╔══

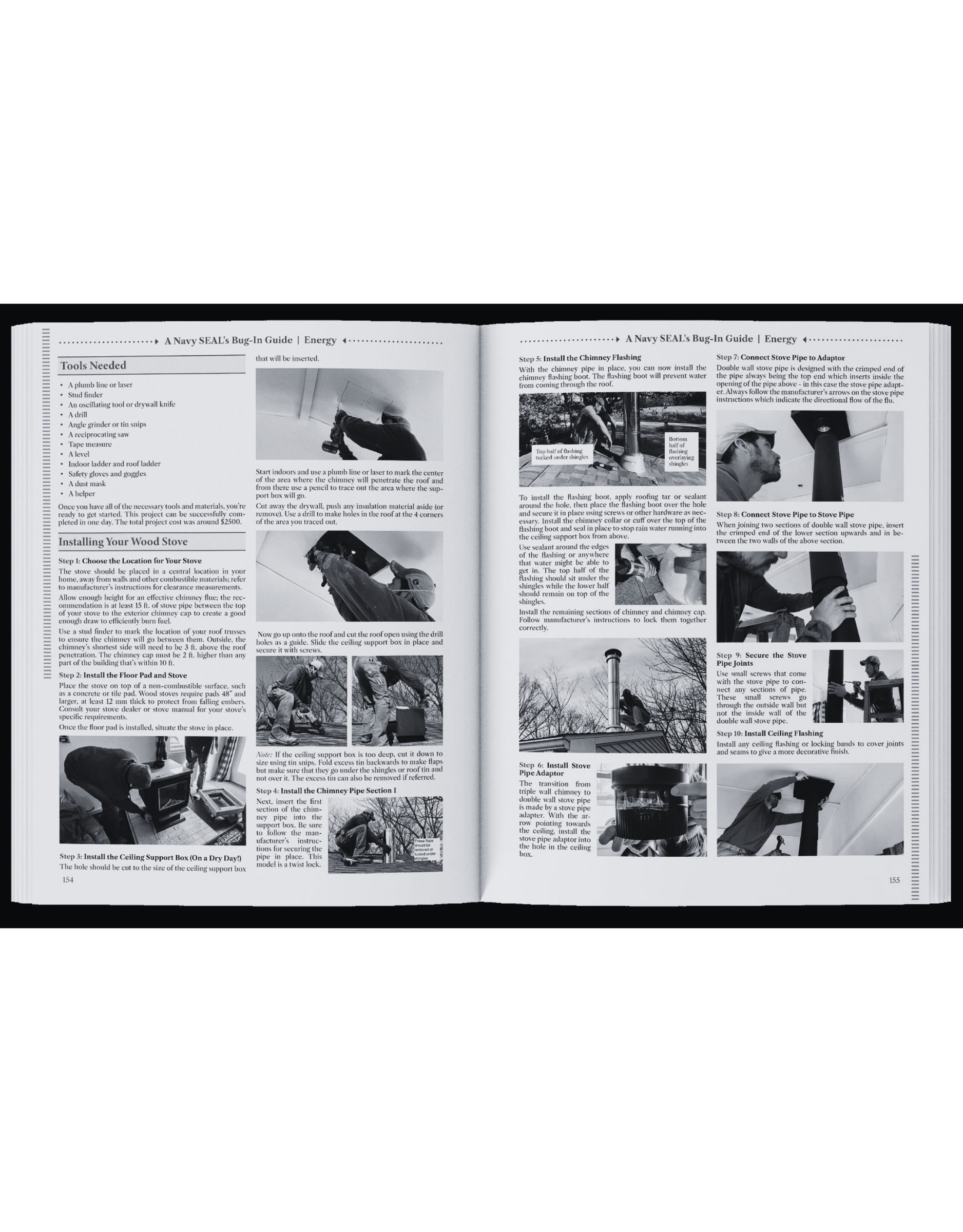 NAVY SEAL's GUIDE 001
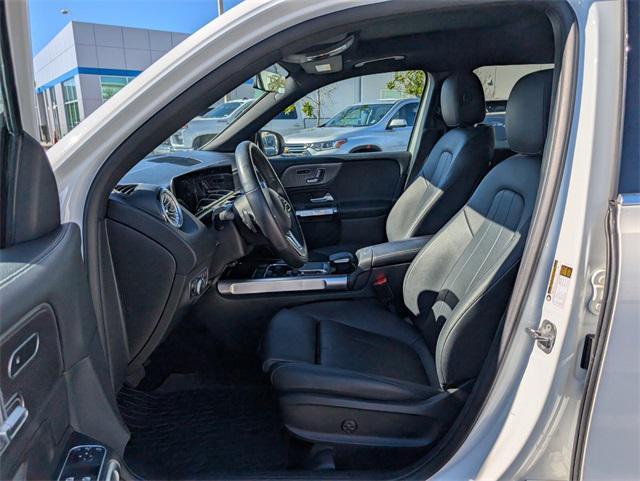 used 2023 Mercedes-Benz GLB 250 car, priced at $24,200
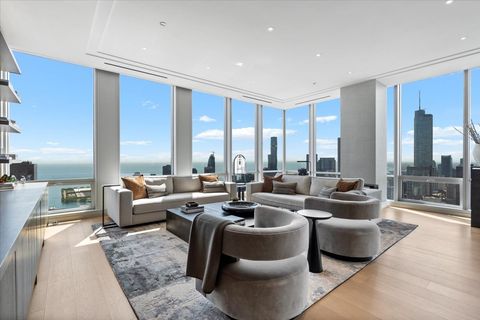 Tiny photo for 14 W Superior Street #6201, Chicago, IL 60654 (MLS # 12669249)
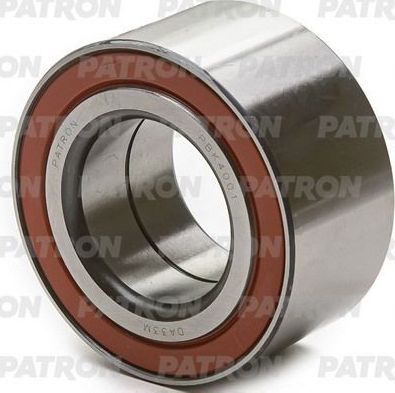 Ступичный подшипник (комплект) Patron. Артикул PBK4001
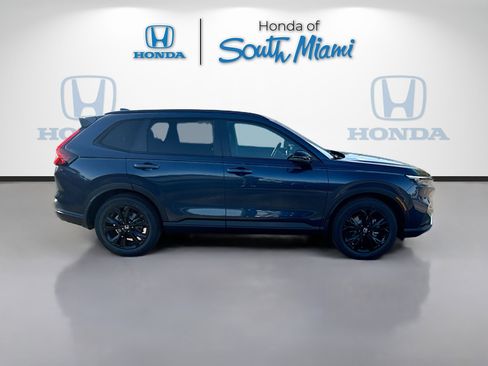 New 2026 Honda CR-V Sport Touring image 8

╚══

▶ Task statement:
Give back only the lines from the one that carries "Ступичный подшипник (комплект)" through the final line above, both included. Drop all pictures.

▶ Output of the task:
 Ступичный подшипник (комплект) Patron. Артикул PBK4001
 New 2026 Honda CR-V Sport Touring image 8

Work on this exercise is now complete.